[TASK PROMPT]
Without the pictures, write the listing below out again, line for line.
-- Opening Marker --
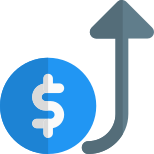 Dollar rise in international market with up direction arrow icon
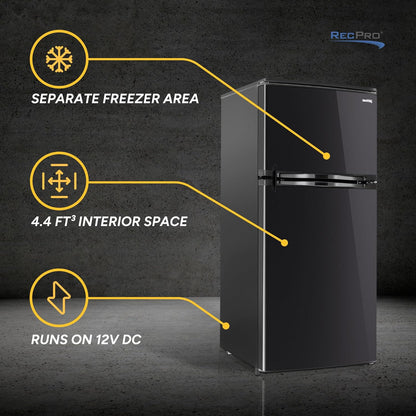 RecPro 4.4 Cu Ft 12V RV Refrigerator with Freezer | Frost-Free, Black Finish | Adjustable Shelves, Reversible Door, Built-In Lock | Off-Grid Camper Fridge | 19.5”W x 23.5”D x 43.5”H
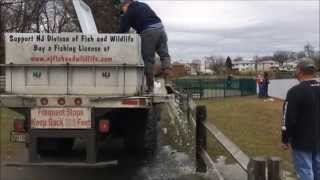 April 14th 2015 Trout Stocking Danherts Lake  Garfield NJ [upl. by Georglana]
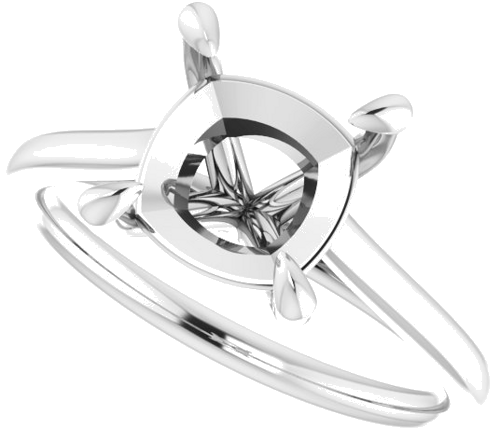 Sužadėtuvių Žiedas „Solitaire“ 585 Baltojo Aukso Cushion 8mm (5)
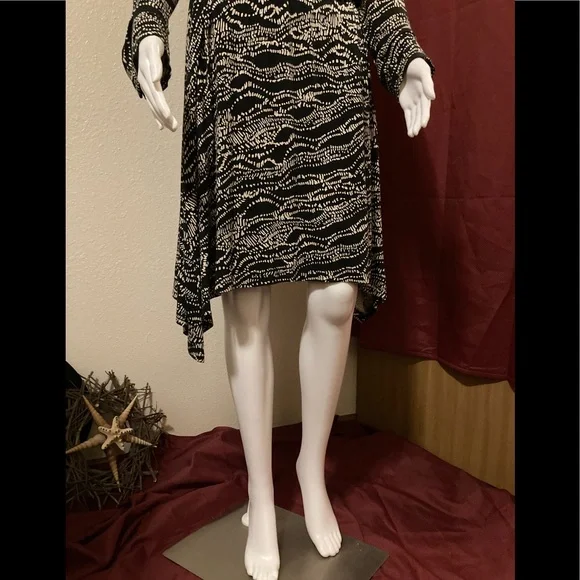 🦋🕷ANTHROPOLOGIE🕷🦋 MAEVE Black/Cream  Asymmetrical Turtleneck L Sleeve Dr… - Picture 2 of 8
-- Closing Marker --
[EXERCISE OUTPUT]
 Dollar rise in international market with up direction arrow icon
 RecPro 4.4 Cu Ft 12V RV Refrigerator with Freezer | Frost-Free, Black Finish | Adjustable Shelves, Reversible Door, Built-In Lock | Off-Grid Camper Fridge | 19.5”W x 23.5”D x 43.5”H
 April 14th 2015 Trout Stocking Danherts Lake  Garfield NJ [upl. by Georglana]
 Sužadėtuvių Žiedas „Solitaire“ 585 Baltojo Aukso Cushion 8mm (5)
 🦋🕷ANTHROPOLOGIE🕷🦋 MAEVE Black/Cream  Asymmetrical Turtleneck L Sleeve Dr… - Picture 2 of 8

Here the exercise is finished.